Topology is a fun branch of geometry to
study in order to accomplish such a goal. In fact, in topology, Klein's group
of transformations is simply huge! Two
geometric shapes are considered equal if there are two bijective, continuous functions inverse to each
other between them. This means, for example, that a triangle, a square and a
circle are all the same, because they can be stretched one into another. But a
circle can never be stretched into an infinite straight line, for example. Some
people like to call topology ``rubber geometry'', in the sense that it studies geometric properties of objects
that are made of an extremely stretchable and bendable rubber. Even searching
for properties to study is a chore to begin with! (lengths, areas, angles,
number of sides...all goes topsy turvey if a triangle is the same as a circle).
Properties that remain the same under such a huge flexibility are called topological
invariants.
Now, if this made little sense, don’t get scared, but please read on.
A
MORE DOWN TO EARTH DESCRIPTION OF THE COURSE
Over the course of the semester, I would like to present some basic
concepts in both point set and algebraic topology.
We will start of course, by redefining the notion of continuous
functions. Of course this new notion will coincide with the usual concept you
all know from calculus, but it will be a lot more general. In particular, it
will not depend on any notion of distance on our spaces (so away with epsilon
and deltas, by golly!), but only on the notion of open sets (whatever they might
be).
Once we understand continuity, we will be studying continuous functions
between various spaces, both familiar and unfamiliar.
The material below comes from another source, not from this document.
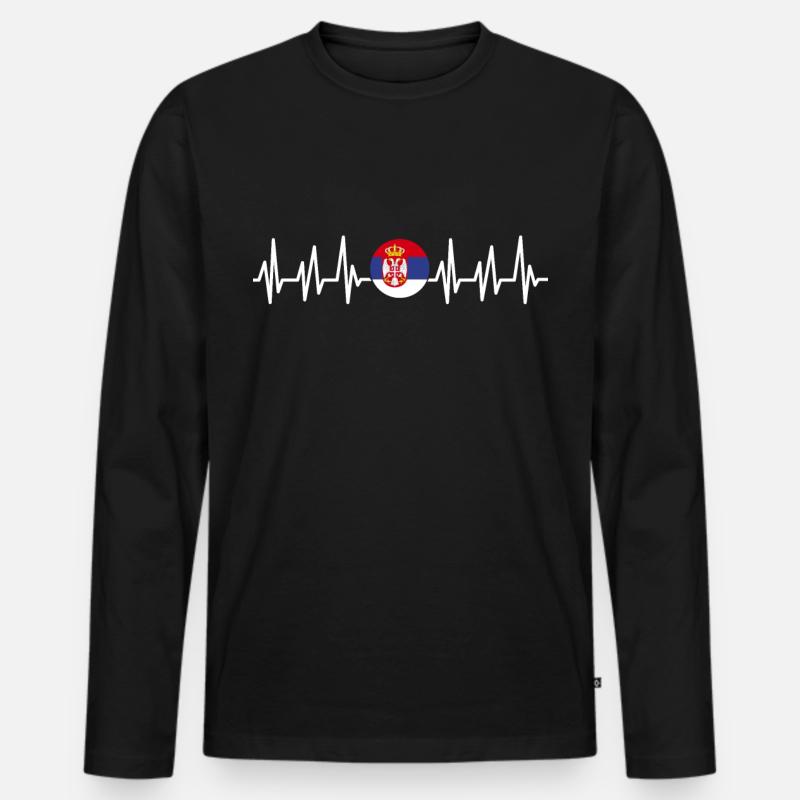 Serbien - Männer Premium Bio Langarmshirt - Schwarz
Two spaces will be
considered the same (the technical term will be homeomorphic) if you can find a pair
of continuous inverses between them.
And now comes the crucial question. If somebody hands you two spaces, can
you tell if they are homeomorphic or not? This can be a very difficult problem,
because space that “look” very different might actually be
homeomorpic and viceversa. So we have to be clever, and hunt for properties of
spaces that DO NOT
change when two spaces are homeomorphic. These properties are called topological
invariants.
Some such properties are very down to earth (is the space made up of only one
piece or more pieces, can you “walk” from any point in the space to
any other point in the space). But
the most useful ones are quite sophisticated, and it will take us the rest of
the semester to get familiar with a few of them.
Now, if somebody has already vaguely heard about topology, the topics that
I would like to cover are:
1.
Continuity and Homeomorphisms: what is a topological
space?
2.
The first topological invariants: connectedness and path
connectedness.
3.
A substantially more sophisticated invariant:
compactness.
4.
The topology of compact surfaces, and some more fun
invariants.
5.
A bite of algebraic topology: the fundamental group and
(time permitting) a little theory of covering spaces.